Congressman Secured Language to Ensure Parity with Other Services; Crack Down on Smuggling Undocumented Individuals via Vessels; and, Protect U.S.-Flagged Vessels & Crews from Liability during Pirate Attacks

WASHINGTON, D.C. -- U.S. Representative Frank A. LoBiondo (NJ-02), Ranking Member of the House Coast Guard & Maritime Transportation Subcommittee, today praised the passage of H.R. 3619, the "Coast Guard & Maritime Transportation Authorization Act of 2010" which authorizes $10.2 billion in funding for the Coast Guard in fiscal year 2011. This funding level rebukes the President's proposed budget cuts for the Service, which faced bipartisan opposition. Furthermore, the bill allows for an additional 1,500 personnel to be added to the Service's roster rather than the 1,100 personnel cut as called for by the President's proposed budget.

"From clean-up in the Gulf to protecting our ports, the men and women of the Coast Guard are constantly told to do more with less. They rightly deserve our continued support and the full resources of the federal government to help them succeed at their missions," said LoBiondo, a member of the Congressional Coast Guard Caucus. "I applaud my colleagues for recognizing the critical role the Coast Guard plays daily across the country and abroad while recognizing the need to completely reject the President's request for irresponsible and devastating cuts to the Service."

Nationally and locally in South Jersey, the availability of quality housing for Coast Guard personnel and their families has been a significant issue for the Service. Making a positive step in the right direction, the "Coast Guard & Maritime Transportation Authorization Act of 2010" now enables the Service to use revenues from the sale of excess property to rehabilitate and build new service member housing.

"Although I am disappointed we could not do more to help improve housing for service members and their families, particularly those stationed at the Training Center in Cape May, the bill does make a good first step by providing a new revenue stream the Coast Guard can tap to help make some improvements," continued LoBiondo. "It is unacceptable that our service men and women and their families are forced to live in outdated, substandard and sometimes nearly dilapidated housing."

H.R. 3619 also incorporates three separate pieces of legislation previously introduced by LoBiondo.
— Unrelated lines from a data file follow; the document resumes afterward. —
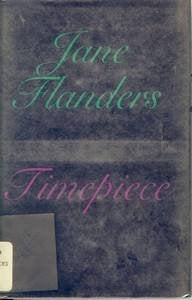 Timepiece (Pitt Poetry Series),Used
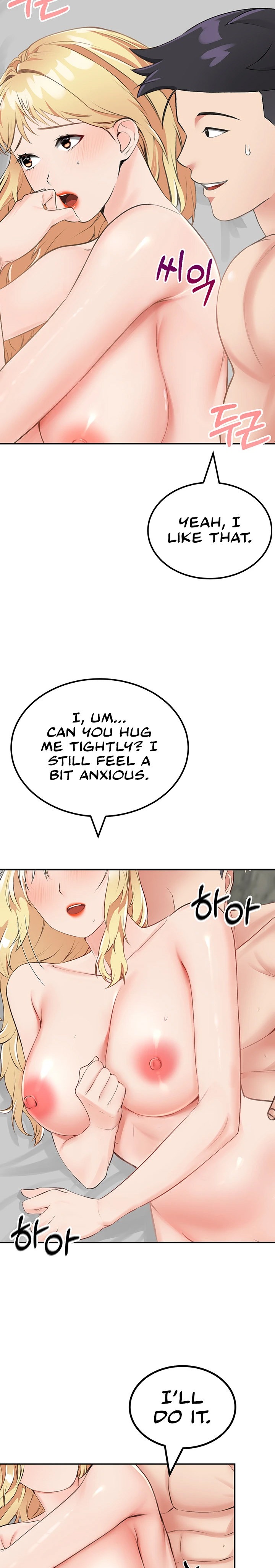 Mother-Son Island Survival - Chapter 9 [photo 31] - MangaPorn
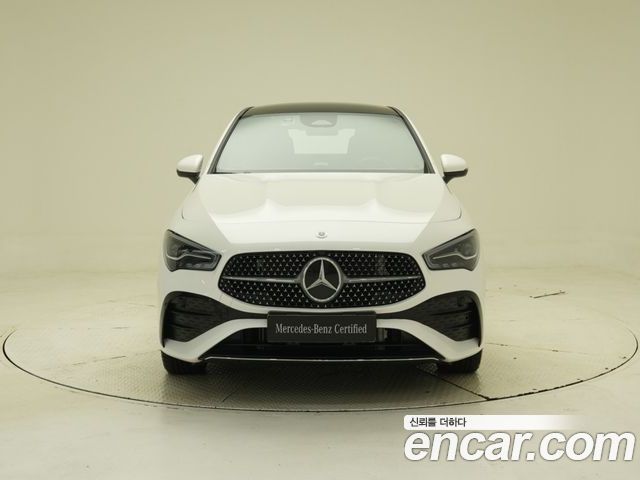 Mercedes-Benz CLA 2026 — фото 3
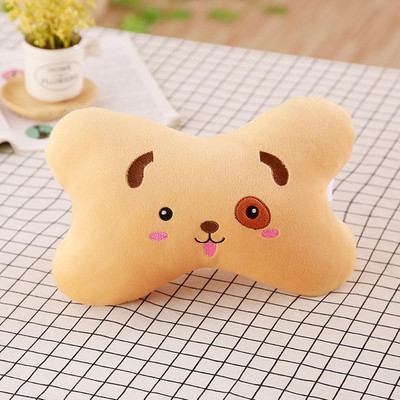 Automobilio kaklo pagalvė Animacinių filmų miela gyvūnų kelionių pagalvė Automobilinės sėdynės pagalvėlės užvalkalas kaklo atrama galvos atramos interjero priedai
Included in H.R. 3619 is LoBiondo's bipartisan legislation, the "Coast Guard Service Member Benefits Improvement Act" (H.R. 2901), which would eliminate discrepancies in benefits between members of the Coast Guard and members of the Armed Services. Now, Coast Guard personnel and their families will have expanded child care services, improved housing, Chaplain-led family programs, enhanced retention and medical travel reimbursement. Additionally, it authorizes two (2) new service medals for service members: a Coast Guard cross and silver star.

"The Coast Guard is unique within the military community because it is located outside of the Department of Defense, and, while these authorities have been made available to the other military services, this provision was necessary to provide the Coast Guard similar capabilities," said LoBiondo in introducing the original legislation. "This was a common sense step which will improve services to service members and their families."
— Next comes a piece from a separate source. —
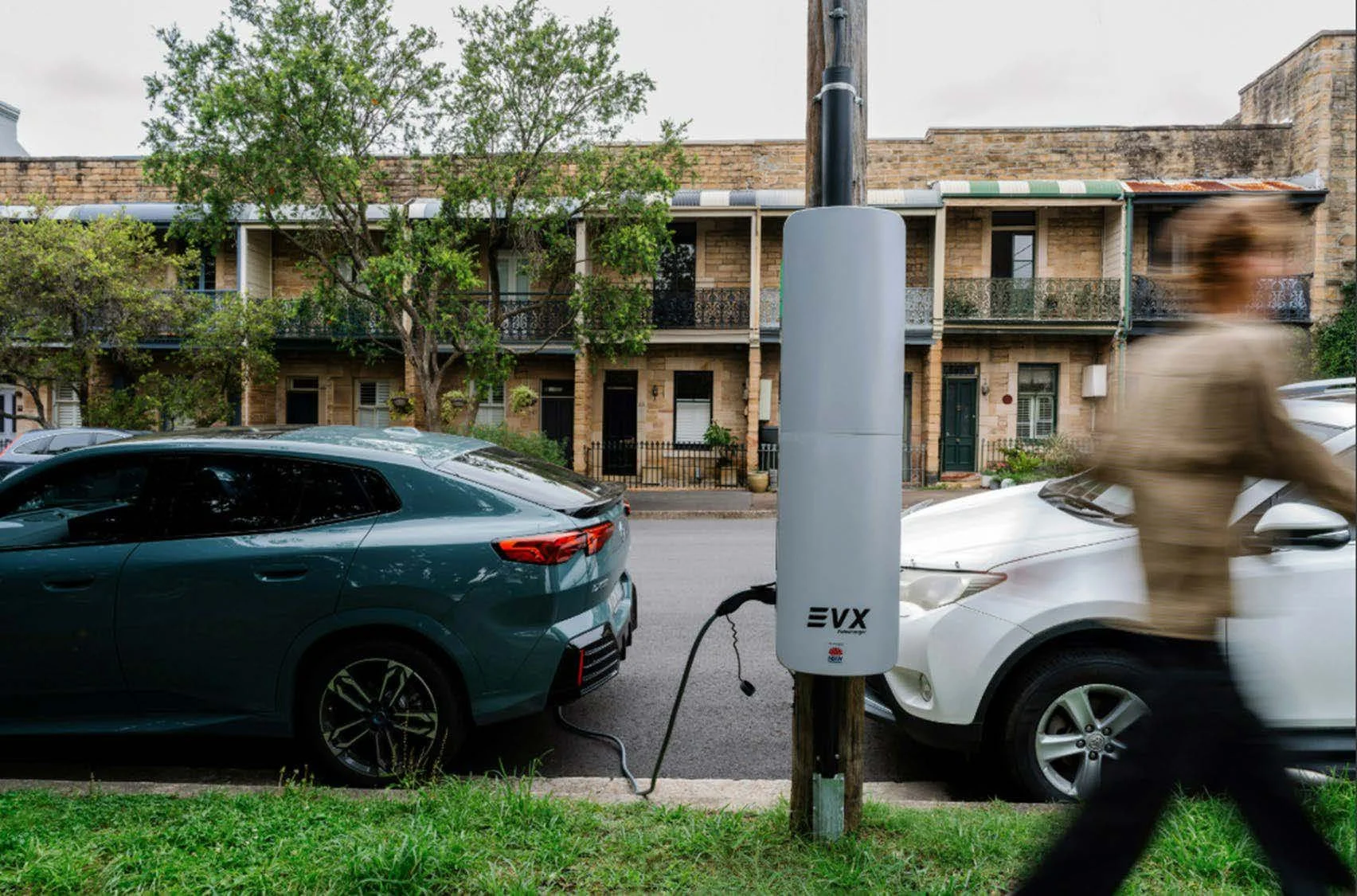 Plugging In Without Plugging Up Our Streets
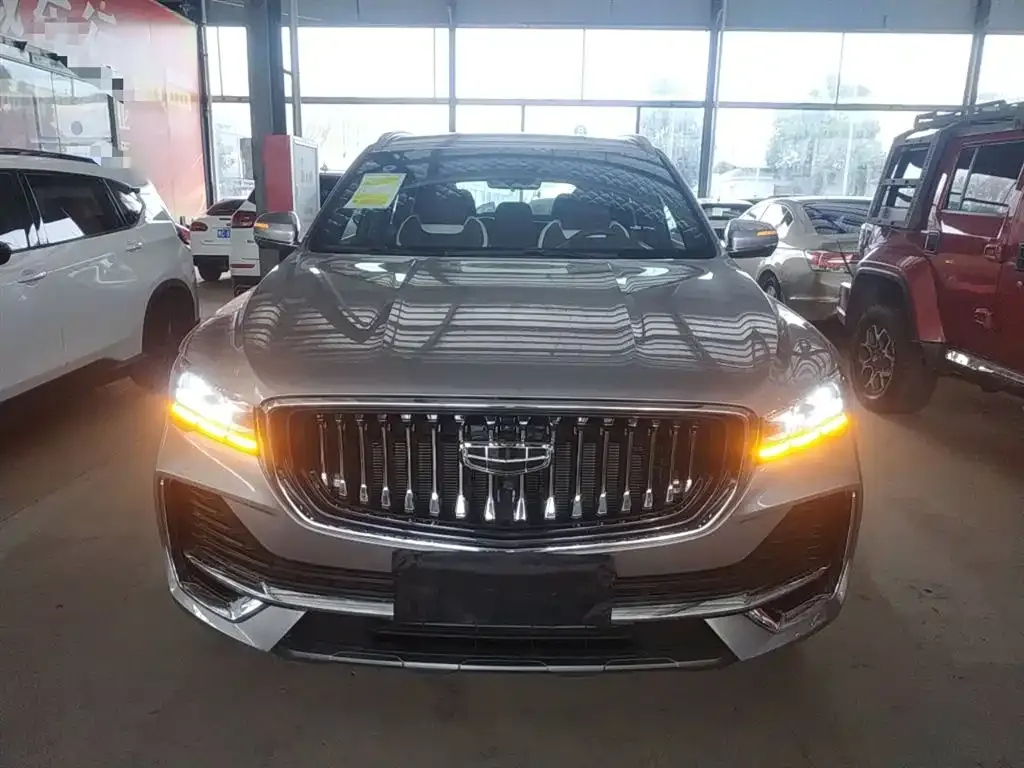 Geely Xingyue L 2025 из CN, фото 3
Also included in H.R. 3619 is LoBiondo's efforts to provide liability relief to U.S. merchant mariners who are attacked by pirates. Modeled after his "U.S. Mariner and Vessel Protection Act" (H.R. 2984), the provision would provide civil liability protection to crewmembers who use force to defend a U.S. vessel against a pirate attack. As part of a classified Special Forces trip in September 2009, LoBiondo met with Navy Seal teams in Kenya who are currently training local forces to battle ongoing pirate attacks.

Finally, the "Coast Guard & Maritime Transportation Authorization Act of 2010" would make it a crime and creates new penalties on those who fail to "heave to' or stop a vessel for the Coast Guard or other law enforcement when knowingly smuggling undocumented individuals into the country abroad vessels. This provision is modeled after LoBiondo's "Maritime Law Enforcement Improvement Act" (H.R. 1440).

Previously approved by the Senate, H.R. 3619 passed the full House on voice vote late Tuesday evening. It will now go to the President for his signature.